There is nothing at all exceptional about this passage which has been chosen for analysis. It is a fair and typical piece of Macaulay's best style. Indeed his method is so uniform and so mechanical that any page of his writing exhibits the same force and the same defects as any other. Take one of the most famous of his scenes, the trial of Warren Hastings, toward the end of that elaborate essay, written in 1841. Every one knows the gorgeous and sonorous description of Westminster Hall, beginning—"The place was worthy of such a trial." In the next sentence the word "hall" recurs five times, and the relative "which" occurs three times, and is not related to the same noun. Ten sentences in succession open with the pronoun "there." It is a perfect galaxy of varied colour, pomp, and illustration; but the effect is somewhat artificial, and the whole scene smells of the court upholsterer. The "just sentence of Bacon" pairs off with "the just absolution of Somers"; the "greatest painter" sits beside the "greatest scholar of the age"; ladies have "lips more persuasive than those of Fox"; there, too, is "the beautiful mother of a beautiful race." And in the midst of these long-drawn superlatives and glittering contrasts come in short martial phrases, as brief and sharp as a drill-sergeant's word of command. "Neither military nor civil pomp was wanting"—"The avenues were lined with grenadiers"—"The streets were kept clear by cavalry." No man can forget these short, hard decisive sentences.

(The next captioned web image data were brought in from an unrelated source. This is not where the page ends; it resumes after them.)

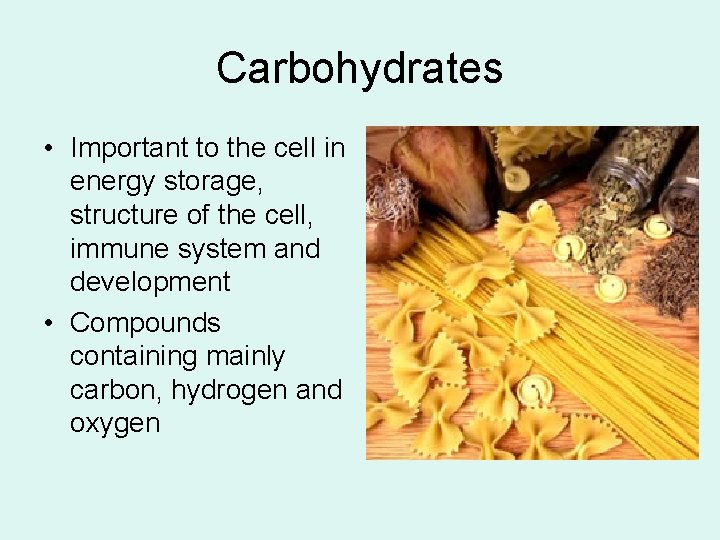 Carbohydrates • Important to the cell in energy storage, structure of the cell, immune Carbohydrates • Important to the cell in energy storage, structure of the cell, immune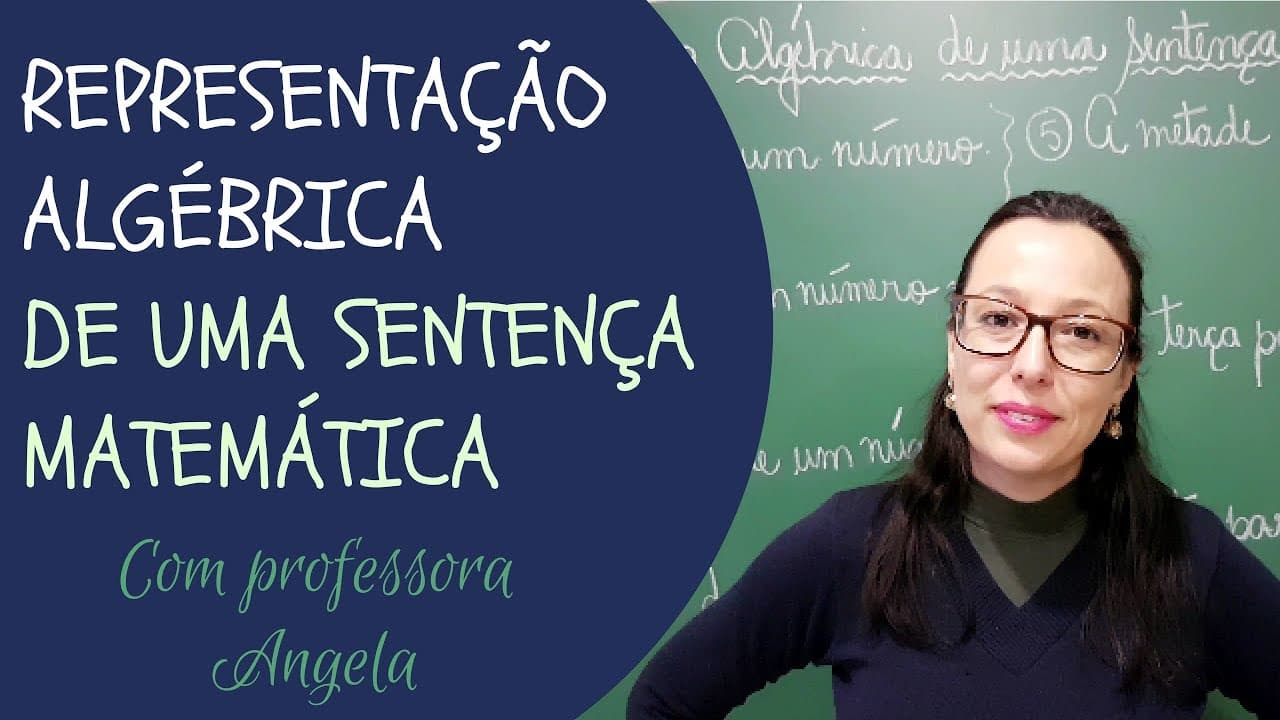 Thumbnail: Representação Algébrica de uma Sentença Matemática - Professora Angela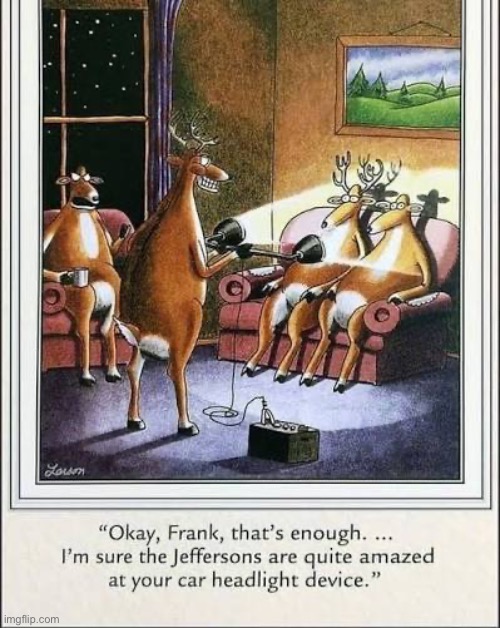 At least there’s not a speeding vehicle behind those lights… | image tagged in the far side,comics,deer,headlights,amazed,enough | made w/ Imgflip meme maker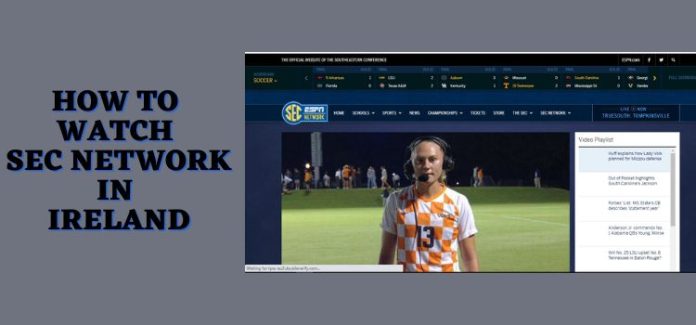 How to Watch SEC Network in Ireland Without Cable [2024]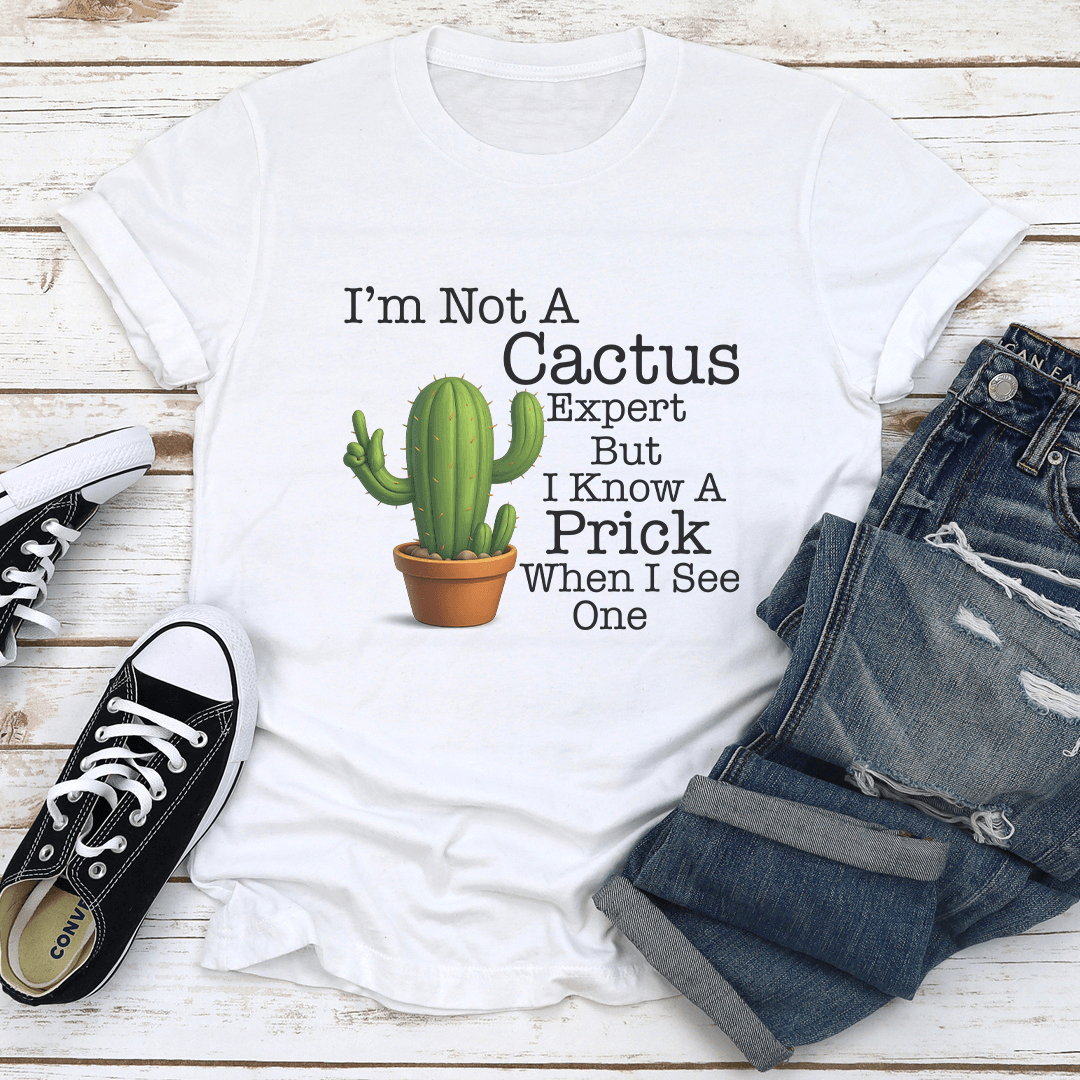 I’m Not A Cactus Expert But I Know A Prick When I See One Tee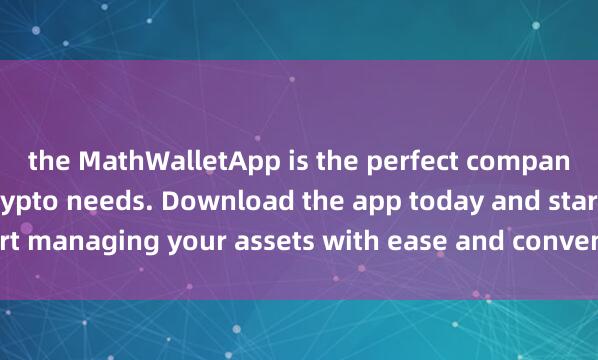 the MathWalletApp is the perfect companion for all your crypto needs. Download the app today and start managing your assets with ease and conveni麦子钱包闪兑功能ence.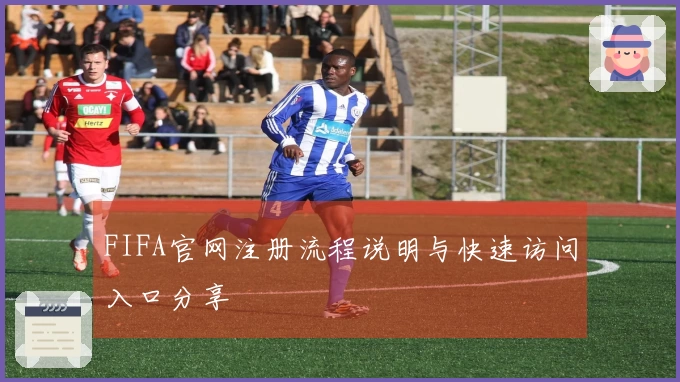FIFA官网注册流程说明与快速访问入口分享
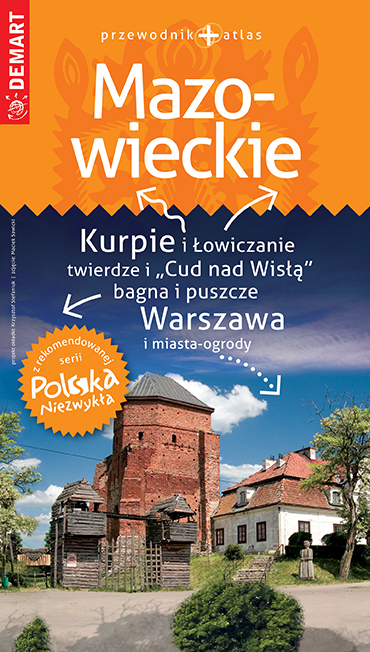 Image of Mazowieckie. Przewodnik+atlas. Polska niezwykła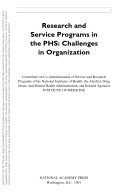 Research and service programs in the PHS challenges in organization /
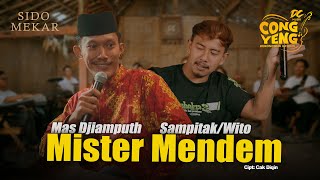 Download lagu SAMPITAK/WITO FT MAS DJIAMPUTH - MISTER MENDEM | DC.CONGYENG ( LIVE MUSIC VIDEO) | DC MUSIK mp3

The artificial structure of his paragraphs grew upon Macaulay with age. His History of England opens with a paragraph of four sentences. Each of these begins with "I purpose," "I shall"; and the last sentence of the four has ten clauses each beginning with "how." The next paragraph has four successive sentences beginning "It will be seen"—and the last sentence has again three clauses each beginning with "how." The fourth paragraph contains the word "I" four times in as many lines. This method of composition has its own merits. The repetition of words and phrases helps the perception and prevents the possibility of misunderstanding. Where effects are simply enumerated, the monotony of form is logically correct. Every successive sentence heralded by a repeated "how," or "there," or "I," adjusts itself into its proper line without an effort of thought on the reader's part. It is not graceful; it is pompous, and distinctly rhetorical. But it is eminently clear, emphatic, orderly, and easy to follow or to remember. Hence it is unpleasing to the finely-attuned ear, and is counted somewhat vulgar by the trained lover of style, whilst it is immensely popular with those who read but little, and is able to give them as much pleasure as it gives instruction.

The famous passage about Westminster Hall, written in 1841, may be compared with the equally known passage on the Chapel in the Tower which occurs in the fifth chapter of the History, written in 1848. It begins as all lovers of English remember—"In truth there is no sadder spot on the earth than this little cemetery." The passage continues with "there" and "thither" repeated eight times; it bristles with contrasts, graces and horrors, antithesis, climax, and sonorous heraldries. "Such was the dust with which the dust of Monmouth mingled." It is a fine paragraph, which has impressed and delighted millions. But it is, after all, rather facile moralising; its rhetorical artifice has been imitated with success in many a prize essay and not a few tall-talking journals. How much more pathos is there in a stanza from Gray's Elegy, or a sentence from Carlyle's Bastille, or Burke's French Revolution!